Sunday, February 10, 2019


Weekend Roundup

Nothing much on Korea this week, other than Trump announces second Kim summit will be in Hanoi, Vietnam, a few weeks out (Feb. 27-28). The Wichita Peace Center was pleased to host a couple of events last week when Professor Nan Kim from University of Wisconsin-Milwaukee, author of Memory, Reconciliation, and Reunions in South Korea: Crossing the Divide (2016), an activist in Women Cross DMZ (here on Twitter). I expect we'll be seeing a lot of speculation and spin on Korea over the next few weeks, especially from neocons so enamored with perpetual war -- but also from Democrats hoping to score cheap points against Trump. I've written a fair amount about Korea over the years. I won't try to recapitulate here, but here's a bit from a letter I wrote last year, with links to various key writings:

I wrote up some further comments on the Korea situation in the intro to my August 26, 2018 Weekend Roundup blog post.

I was born in October, 1950, the same week as the Chinese entry, a date which marked the maximal US advance in the peninsula. I wrote several pages about this in a memoir. I've written a fair amount about Korea over the years -- mostly when US presidents threatened to blow it up.
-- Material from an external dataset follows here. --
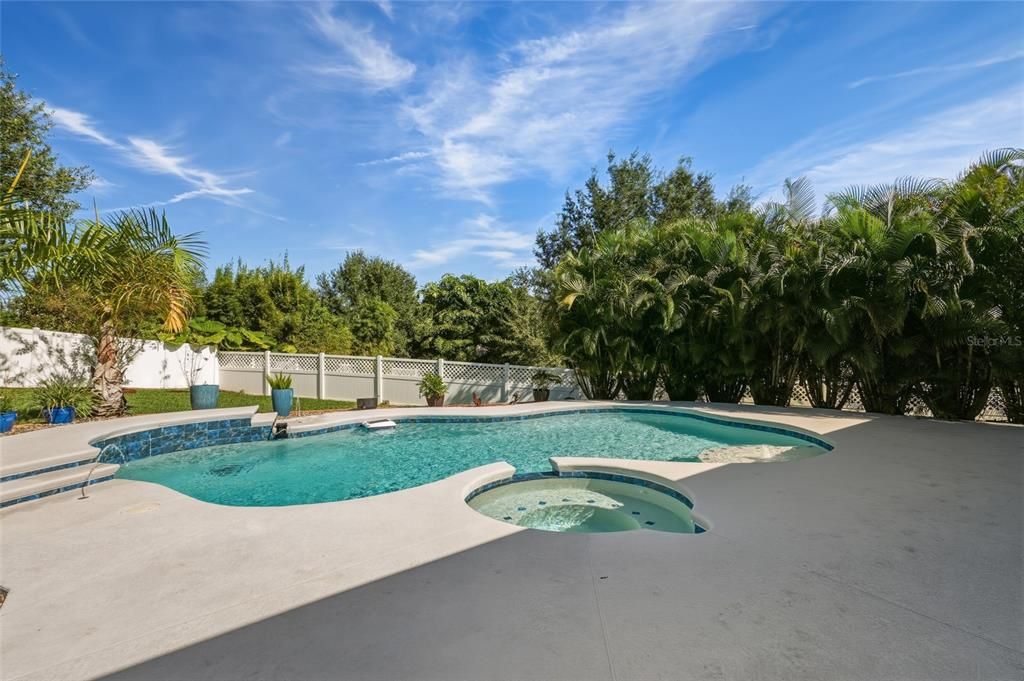 待售: $950,000 (5 贝兹, 4 浴室, 3975 平方英尺)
For instance:

Many lesser references, including virtually every month since March 2017. I've also been known to make a pretty decent kimchi, and a couple dozen other Korean dishes.

On nuclear weapons, I wrote a fairly substantial post on Aug. 6, 2005, another on Aug. 21, 2015.
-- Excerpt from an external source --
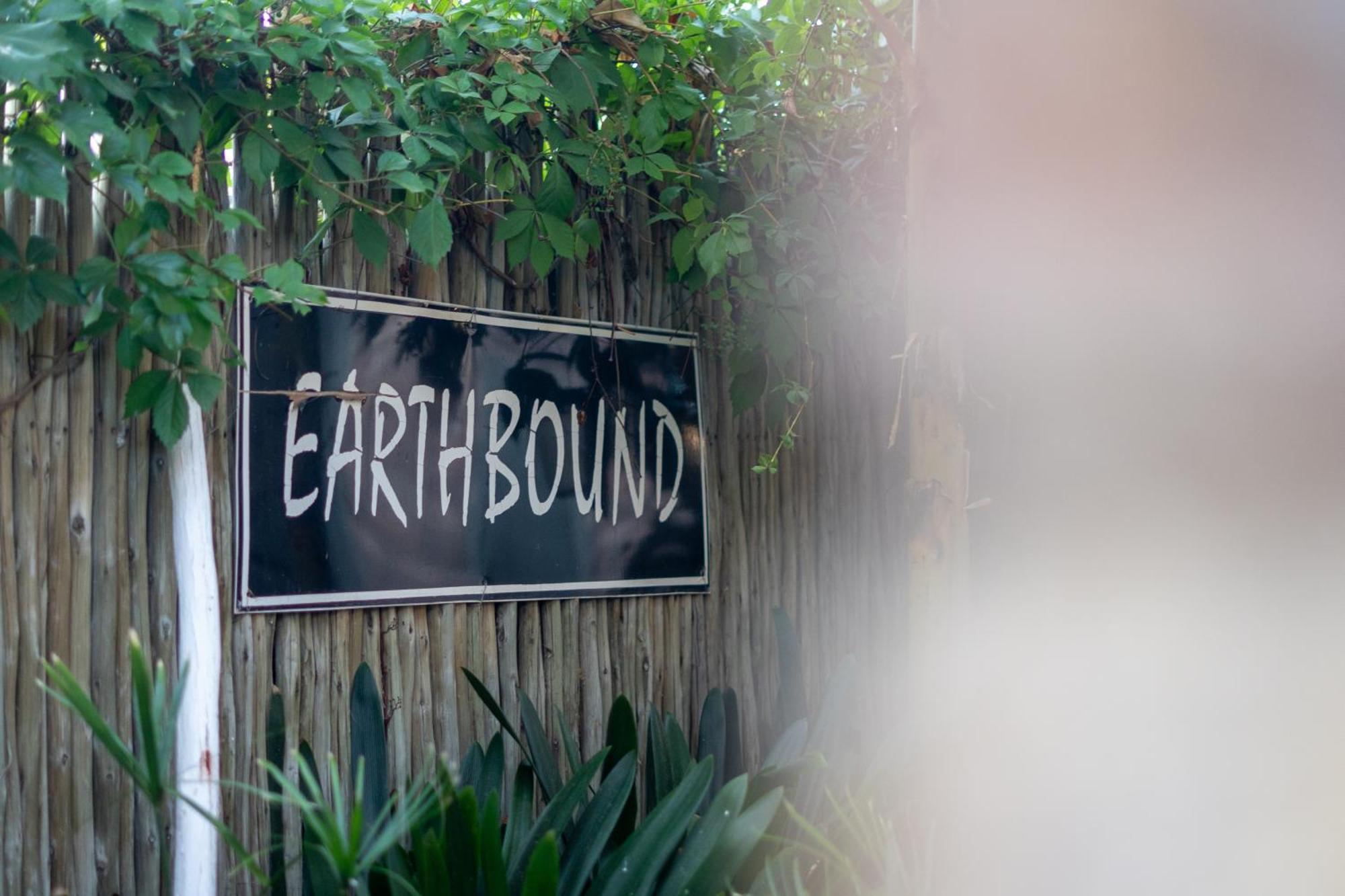 אאודטסהורן Earthbound Guest House מראה חיצוני תמונה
I've read Rhodes' four books on nuclear weapons, plus quite a bit more. I believe that Kurlansky's 2nd point is generally correct ["Nations that build military forces as deterrents will eventually use them"], but nuclear weapons are something of an exception: most politicians, even ones as ill-disposed toward peace as Kennedy and Krushchev, seem to have drawn a line there, so I tend not to worry as much as most of us about proliferation.

One thing I hadn't thought much about until Saturday was the economic problem of unifying Korea. I was aware of the German "model" -- and thought at the time that people were following a lot of bad ideas (e.g., totally shuttering the East German auto industry because their cars weren't good enough to sell in the West). But I didn't follow it much later -- I do know more about the economic failures in Russia, especially in the 1990s, when as David Satter put it, "[Russia's reformers] assumed that the initial accumulation of capital in a market economy is almost always criminal, and, as they were resolutely procapitalist, they found it difficult to be strongly anticrime. . . . The combination of social darwinism, economic determinism, and a tolerant attitude toward crime prepared the young reformers to carry out a frontal attack on the structures of the Soviet system without public support or a framework of law." (Quote in my 17/04 notebook, referring back to 07/09.)

Anyhow, I now think the utter impossibility of unifying the two Korean economies is an important point -- one of several that Americans don't seem to have a clue about.

I'll add one comment here. One thing I was struck by in Trump's State of the Union address was this:

On Friday, it was announced that we added another 304,000 jobs last month alone -- almost double what was expected. An economic miracle is taking place in the United States -- and the only thing that can stop it are foolish wars, politics, or ridiculous partisan investigations.

If there is going to be peace and legislation, there cannot be war and investigation. It just doesn't work that way!

My bold. Of course, the point everyone noticed was his plea that for the good of the country (i.e., Trump) Democrats must give up their efforts to investigate (e.g., Trump, for possible crimes or other embarrassments). Of course, he had no hope of getting his way there, even if his intent was truly threatening -- e.g., that if the Democrats investigated him, he might start a "wag the dog" war as a diversion, hoping the people would blame the Democrats. Still, I think the quote does show that when his personal financial interests aren't slanted otherwise, Trump is inclined to favor peace. The saber-rattling over Iran is clearly a case where the corrupt money (from Israel and the Saudis) is able to make Trump more belligerent. Venezuela is another case where Trump's corrupt influences may lead to war. But Korea is one case where the major influencers -- even if you discount Russia and China -- are pushing Trump toward war, so it offers a rare opportunity to claim success at achieving peace. Granted, the neocons and the defense industry don't like it, but they may be just as happy to pivot to higher budget, lower risk "threats" like Russia and China. That's one of several reason to be cautiously optimistic that Trump might be able to deliver a peaceful outcome. On the other hand, I think that Democrats need to be very cautious, lest Trump be able to make them out to be dangerous, war-thirsty provocateurs. I still believe that a major reason Trump beat Clinton in 2016 was that she came off as the more belligerent (e.g., her claims to superiority in "the commander-in-chief test").